DATA FOR THIS EXERCISE:

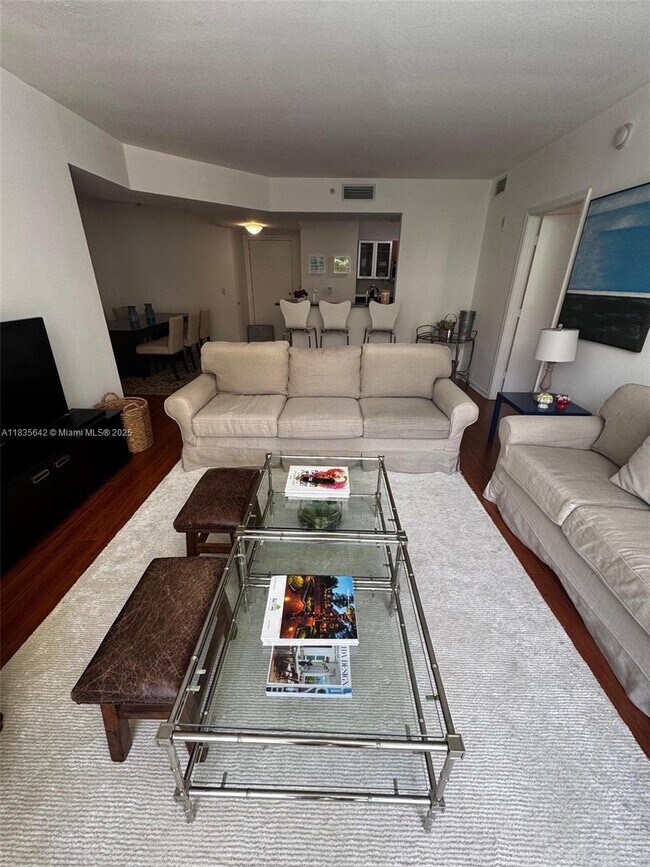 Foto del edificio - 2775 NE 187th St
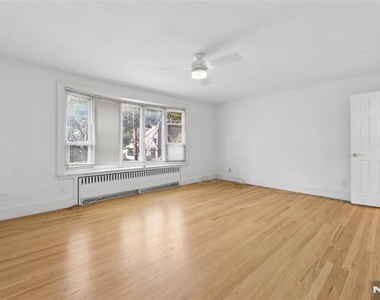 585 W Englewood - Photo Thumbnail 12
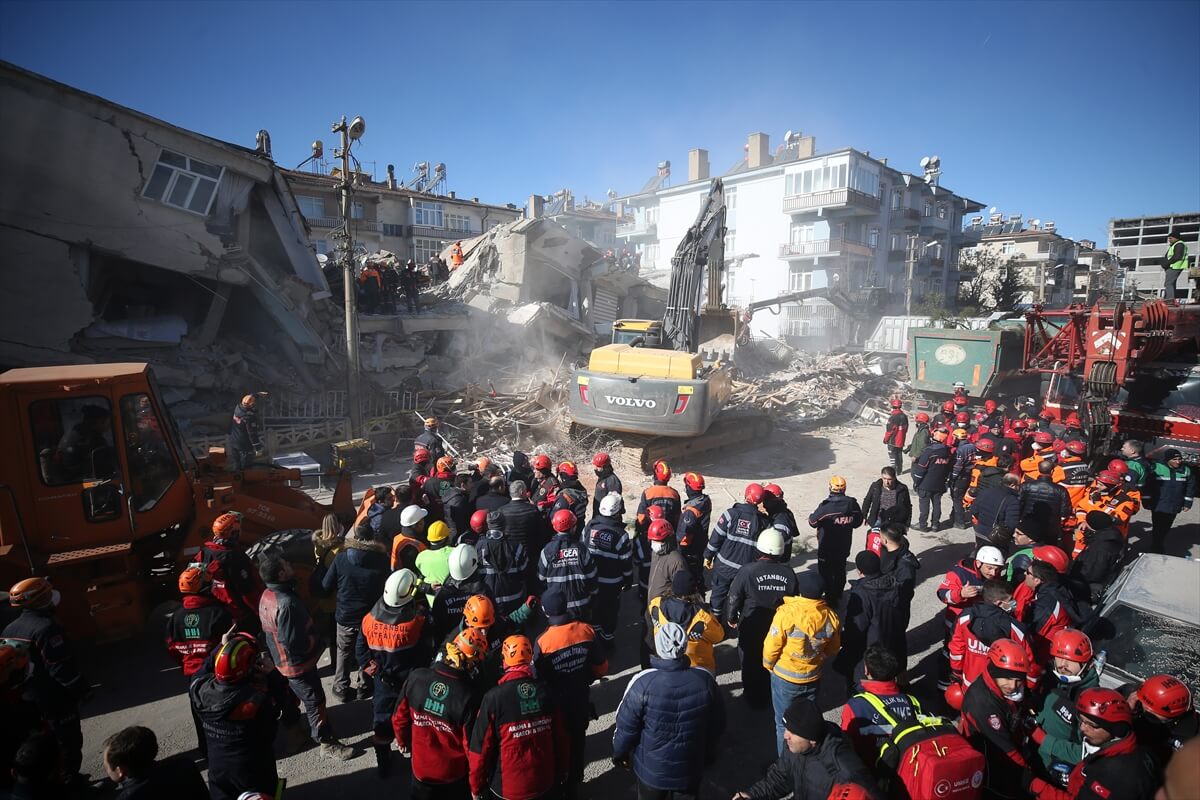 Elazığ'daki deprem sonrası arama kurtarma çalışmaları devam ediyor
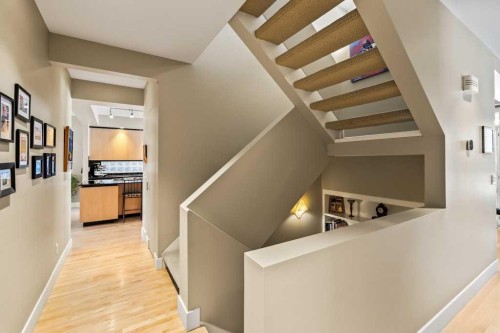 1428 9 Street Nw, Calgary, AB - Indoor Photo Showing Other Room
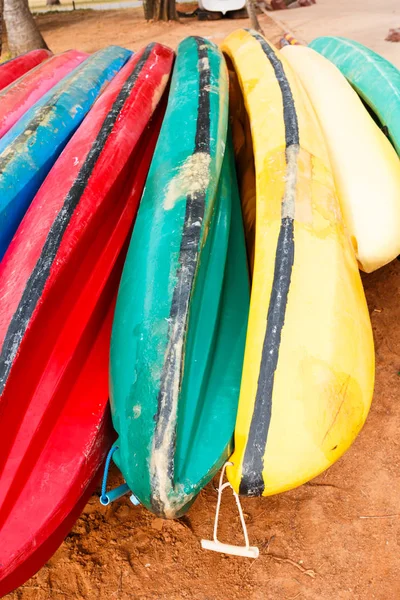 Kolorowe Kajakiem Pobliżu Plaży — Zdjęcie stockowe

* * *

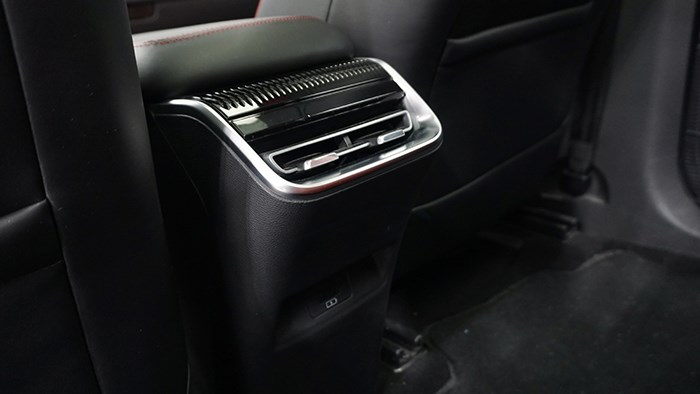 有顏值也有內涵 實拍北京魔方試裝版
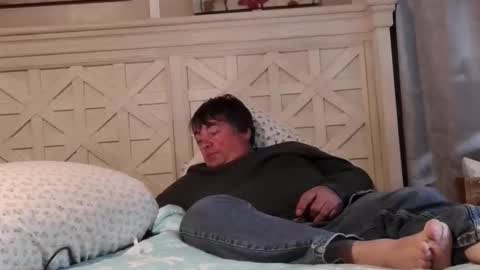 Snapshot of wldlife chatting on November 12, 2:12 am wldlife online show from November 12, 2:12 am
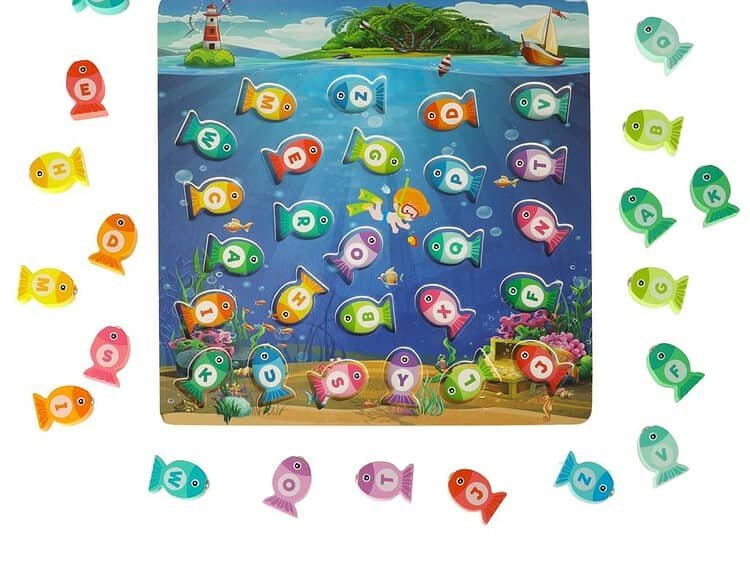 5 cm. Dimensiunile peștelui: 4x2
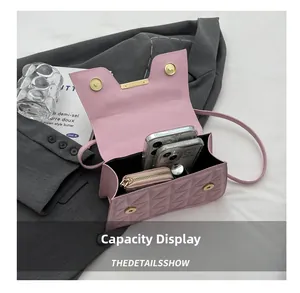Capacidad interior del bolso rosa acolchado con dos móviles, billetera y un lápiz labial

AIM OF THE EXERCISE: Among the entries above, locate the line with "5 cm. Dimensiunile peștelui: 4x2" and the line with "Capacidad interior del". Give those two lines and all lines between them again, exactly, leaving out the pictures.

ANSWER:
 5 cm. Dimensiunile peștelui: 4x2
Capacidad interior del bolso rosa acolchado con dos móviles, billetera y un lápiz labial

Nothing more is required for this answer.